With the dollar having fallen 24% against the euro over the five years to August, there were signs the American economy would be able to better weather the global slowdown. This was despite crashing house prices and weakening domestic consumer spending.
Since then the global contagion in the financial markets and the weakening of global economic forecasts saw the dollar rally relative to the euro.
The weakness of the dollar in the first half of the year helped to narrow the trade deficit by 4.1% in June putting it at $56.8 billion as exports to Britain, Germany and Italy all grew substantially.
However, as consumer and export demand weakened in the eurozone the currency reached a 12-month high of almost 1.60 in July the euro/dollar exchange rate has now fallen to 1.35.
“We were positive the dollar in the summer on the back of the US economy’s relatively strong position over the eurozone,” says Thanos Papasavvas, the head of Investec Asset Management’s currency management team. “This is part of the reason why the dollar started to strengthen in August and September.”
This first rally against the euro was deepened following the collapse of Lehman Brothers, formerly America’s fourth largest investment bank, as investors rushed into low yielding haven currencies.
As volatility in global markets is set to continue America’s competitive edge will be eroded still further, which threatens to undermine its short-term recovery prospects.

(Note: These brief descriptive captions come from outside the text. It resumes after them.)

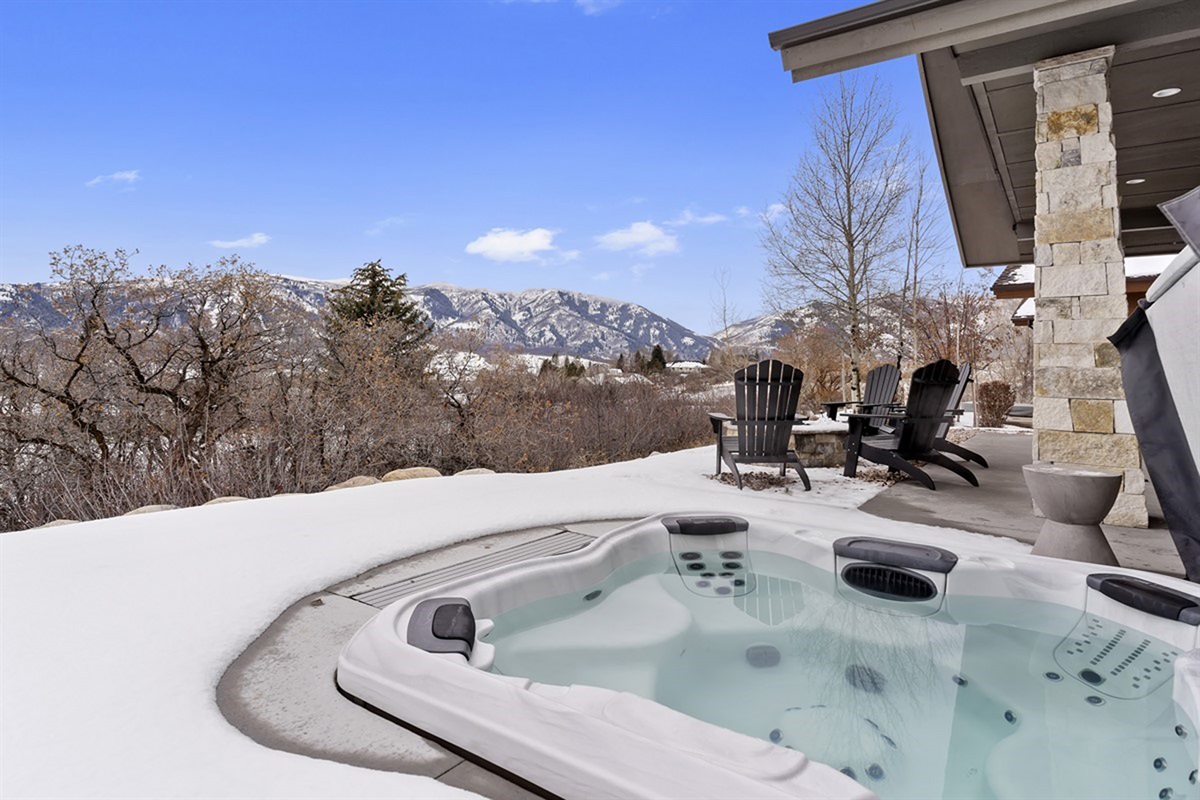 Step into the hot tub and soak in the mountain scenery—perfect after a day of exploring.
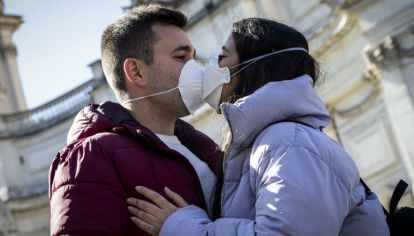 Italia: Una pareja se besa con sus barbijos puestos en los comienzos de la pandemia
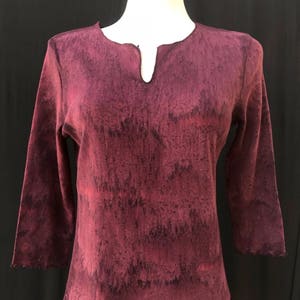 May include: A maroon long-sleeved shirt with a V-neck and a tie-dye pattern.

“If domestic demand isn’t supportive of GDP growth they might want to change policy and try to export their way out of trouble,” says Papasavvas (pictured).
“This would mean following a policy of benign neglect of the dollar, as they did between 2001 to 2006, but I’m not sure it will be politically easy.”
Any attempt to increase America’s share of the global export market is likely to meet resistance from Asian countries that rely on export income.
Papasavvas is positive on sterling against the euro as he says British monetary policy is able to be more timely in its response to an economic slowdown.